Use this order when the problem is unclear:

  1. Check the local interface and IP address.
  2. Check the default gateway.
  3. Check routing to the destination.
  4. Check DNS resolution.
  5. Check the application port.
  6. Check firewalls, load balancers, proxies, and application health.

If a web service returns an HTTP 500 response, the network path is likely working and the next step is application or server troubleshooting.

Interface Checks

Use ifconfig or ip address on Linux to inspect interface state, IP addresses, MAC addresses, and traffic counters.

ifconfig
ip address

Common checks:

  • Confirm the interface is up.
  • Confirm the IP address and subnet are correct.
  • Confirm the expected MAC address is present.
  • Review transmit and receive counters.
  • Check the MTU when fragmentation or large packet issues are suspected.

Note: Some Linux distributions have deprecated ifconfig.
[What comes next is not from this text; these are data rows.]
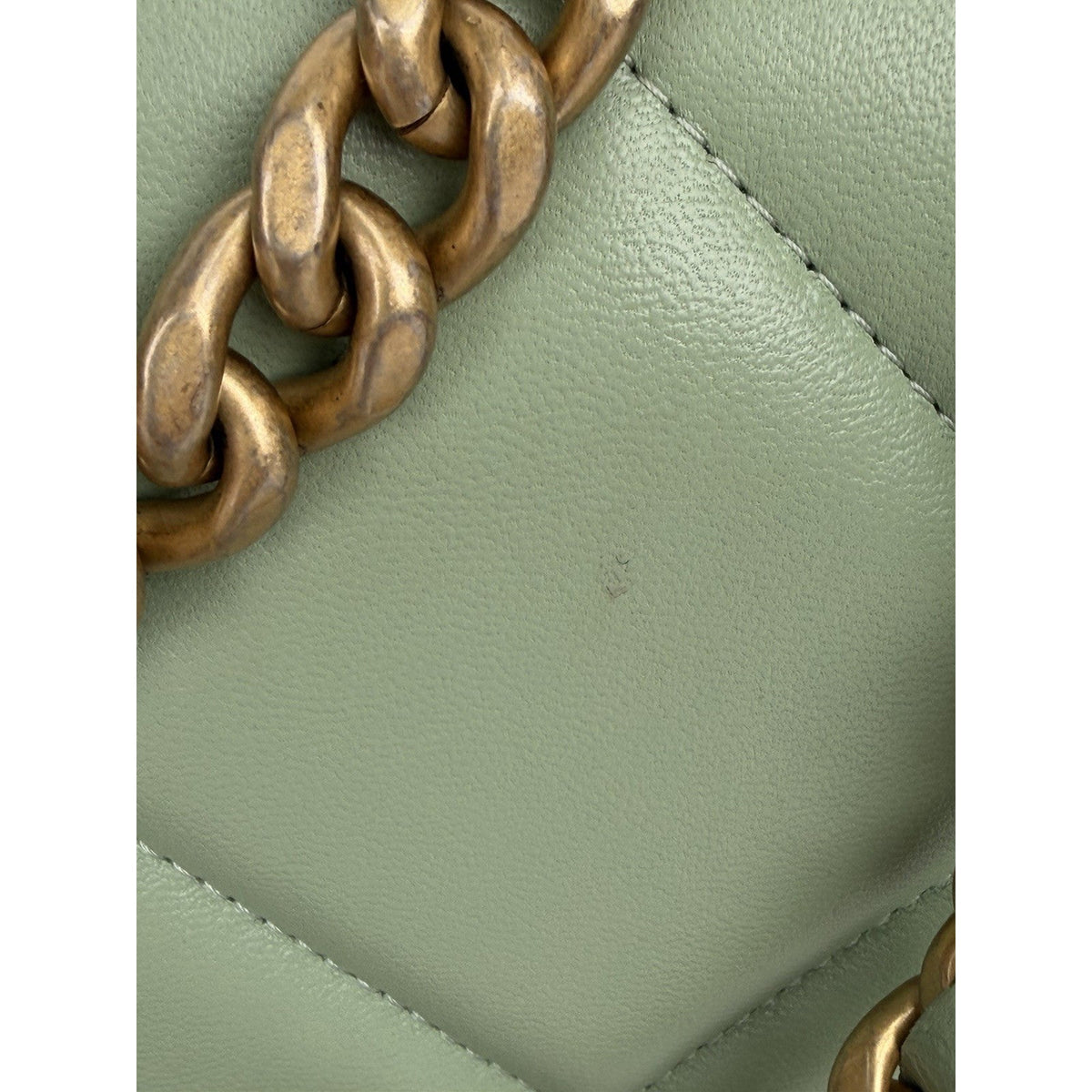 Chanel 19 Wallet on Chain Bag in Mint Green Quilted Lambskin Leather NFC B7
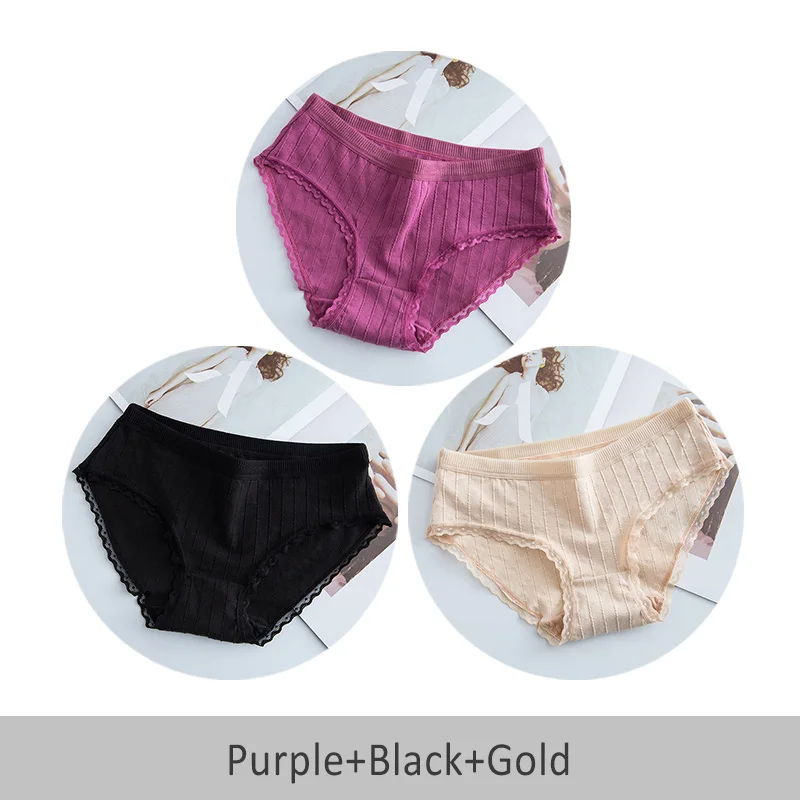 Purple Black Gold Сексуальные хлопковые шорты, кружевные боковые трусики, дышащее нижнее белье для женщин, средняя посадка под брюки, строгие Простые штаны, стринги, Culotte Femme - Цвет: Purple Black Gold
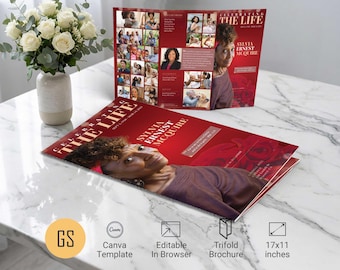 Red Bokeh Funeral Program Template: 11x17 Tabloid Trifold Rose Memorial Obituary Canva (Digital Download)
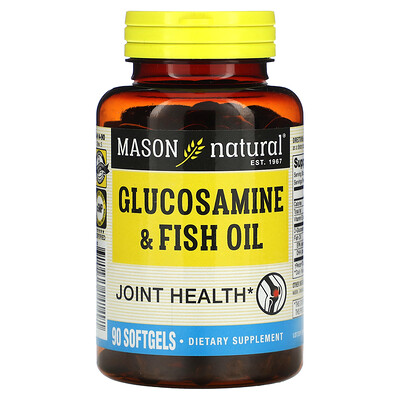 

Mason Natural Глюкозамин и рыбий жир, 90 мягких таблеток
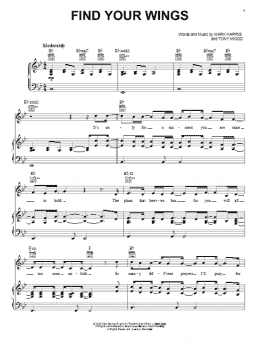 page one of Find Your Wings (Piano, Vocal & Guitar Chords (Right-Hand Melody))
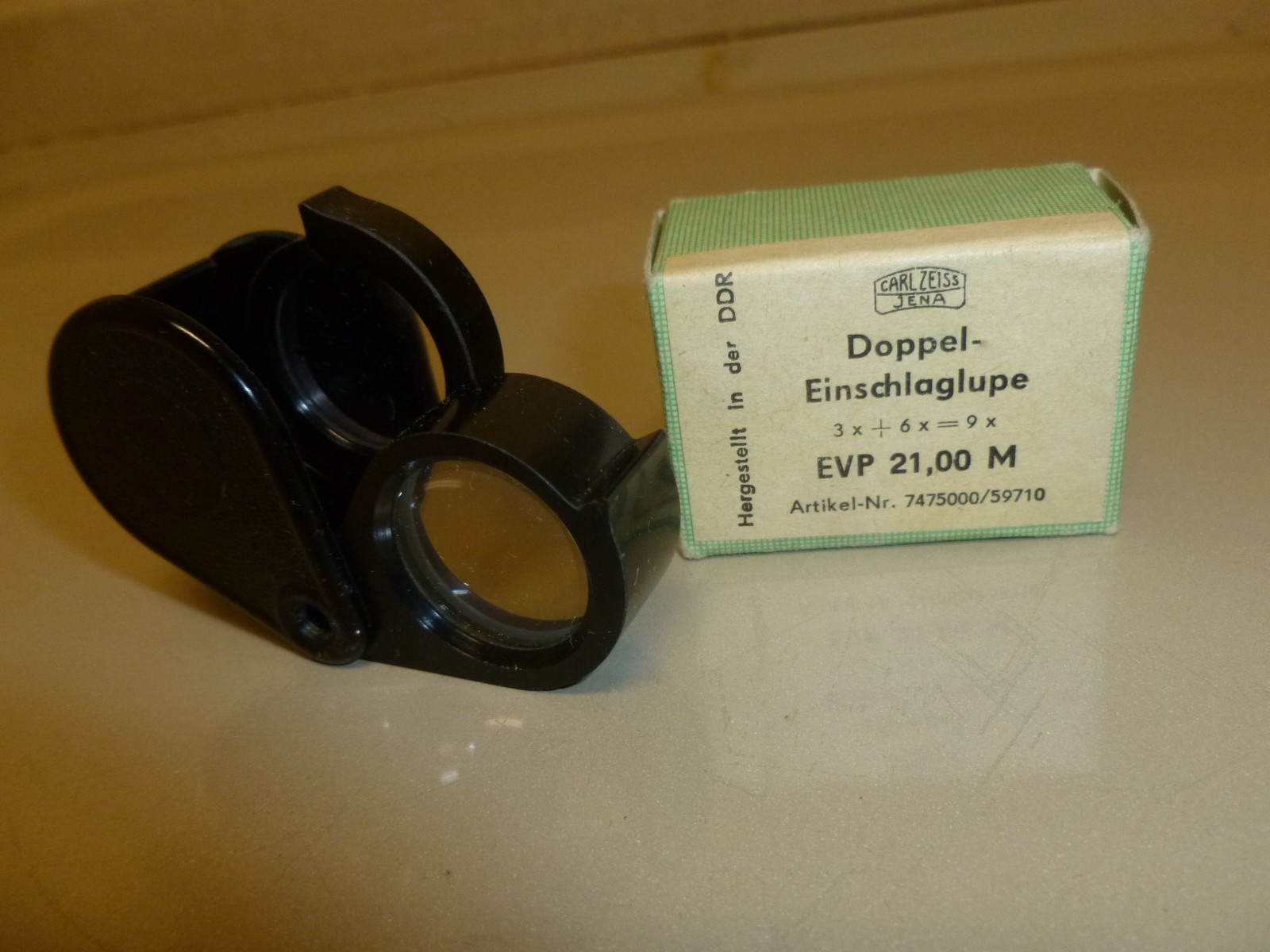 Vintage Carl ZIESS Jena 3x6x9 Jewelers Double Loupe magnifying NOS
Prefer ip address on modern Linux systems.

Ping

ping tests basic IP reachability with ICMP echo requests and replies.

ping -c 5 www.cisco.com

Ping can show:

  • Whether replies are received.
  • Round-trip latency.
  • Packet loss.
  • TTL values.
  • IPv4 or IPv6 reachability.

Note: A failed ping does not always mean the host is down. Firewalls often block ICMP while allowing application ports such as TCP 443.

Traceroute

traceroute and Windows tracert show the path packets take toward a destination.

traceroute www.cisco.com
tracert www.cisco.com

Traceroute helps identify:

  • Routing loops.
  • Unexpected paths.
  • The hop where traffic stops.
  • Latency between hops.

Linux traceroute commonly uses UDP probes by default, while some platforms use ICMP. Firewalls can affect the output.

DNS Checks

Use nslookup or dig to confirm that a name resolves to the expected address.

nslookup www.cisco.com
dig www.cisco.com

DNS checks help identify:

  • Missing records.
  • Unexpected IP addresses.
  • Incorrect DNS servers.
  • Cached stale records.

For more information, please see Analyzing DNS page.

Application Port Checks

After IP reachability works, test the actual application port.

curl -I https://example.com
telnet example.com 443

If the port is blocked, check:

  • Host firewalls.
  • Network firewalls.
  • Security groups or network ACLs.
  • Load balancer listeners and health checks.
  • Proxy and reverse proxy rules.

Performance Checks

Some problems only appear under load. Tools such as iperf can generate traffic to test throughput, delay, and packet loss.

When performance is the issue, also check:

  • Bandwidth saturation.
  • QoS policy.
  • Packet drops.
  • Load balancer health.
  • Backend database or application latency.